The sun shines whenever and- wherever it likes. Night is old
fashioned.
WHERE is the correct path?
if time had to begin then it has to end at some point, too.
what if God exists but he doesn’t really like people very much?

We never discussed these notes. I’m not even sure if Jeremy knew I kept them, or if he thought I’d tossed them away. After he began working and taking his medication, his visions vanished, and I wanted these paper scraps as proof that there still existed this other Jeremy inside of him who pondered such things. I mean, if he gave me the word, I’d have been right back there on the highway again, crawling toward the west.

Life is hard. We all need something to believe in, even if it’s cockamamie. I’d never thought much about belief one way or the other until Jeremy entered my life. His visions marked the first signs of an awakening within myself. Poor Jeremy had spent his childhood being bandied from family to family like a porn novel in a summer camp. It was hard for him to put his faith in any idea larger than his immediate world. We’d ended up marooned on the same beach. Curiously, one definition of health is that you have the same disease as all of your neighbours; in this sense, he and I were the picture of health.

Was I falling in love with my son? It must sound like it, but no. However, I
was
realizing that I loved him very much indeed.

*    *    *

When Jeremy collapsed, he hit his head on a planter that held a ficus tree. There was no blood, and he was only out for about thirty seconds, but I thought I should take him to Emergency.

He didn’t like the fuss we made about him in the office, and in the car he was silent, angry at me for speaking with Kayla. I said, “I can see your point. It might seem like I was going behind your back, but I was only doing what any mother would do.”

“What did she tell you?”

“Almost nothing. Is there something I should know?”

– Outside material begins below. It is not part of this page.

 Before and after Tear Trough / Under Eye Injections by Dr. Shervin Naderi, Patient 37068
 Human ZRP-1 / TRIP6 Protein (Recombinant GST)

We were on Marine Drive headed east. The car was dirty, and light catching the dirt made it hard to see what lay ahead.

“Pull over.”

I did. I turned off the engine. I asked him, “What’s up?”

“When I was thirteen, there was this one family I was with for maybe three months. They were great. Sunday was like Thursday with them. They didn’t believe in anything but cars and skiing and schnauzer dogs. We went to restaurants all the time and they gave me ten bucks a week as allowance, with no lectures or anything.”

“Why’d you leave?”

“I woke up one night and I was in between them on their bed. I went mental, and ran down to the RCMP detachment office in my underwear. It was December and I froze, but they didn’t drive me back to the house. I have a hunch I wasn’t the first kid to run away.”

“Okay.”

“I can tell you more.”

“Okay.”

It has been said, by someone far wiser than myself, that nobody is boring who is willing to tell the truth about himself. To narrow this down further, someone equally wise said that the things that make us ashamed are also the things that make us interesting. And so Jeremy continued, mimicking some long-gone foster parent, “
What’s faith unless you constantly expose it to challenges? What are your own ideas if they can be so easily eaten by the ideas of others?

“If I’ve come away with anything, it’s that the moment foster parents start asking about your soul, you’re toast. The moment you start challenging their ideas, you’re gone. They’ll always talk about surrender, but it’s never really to God—they want you to surrender to
them.
Most of those foster people?—they’re just scamming some soiled nickels from the government.”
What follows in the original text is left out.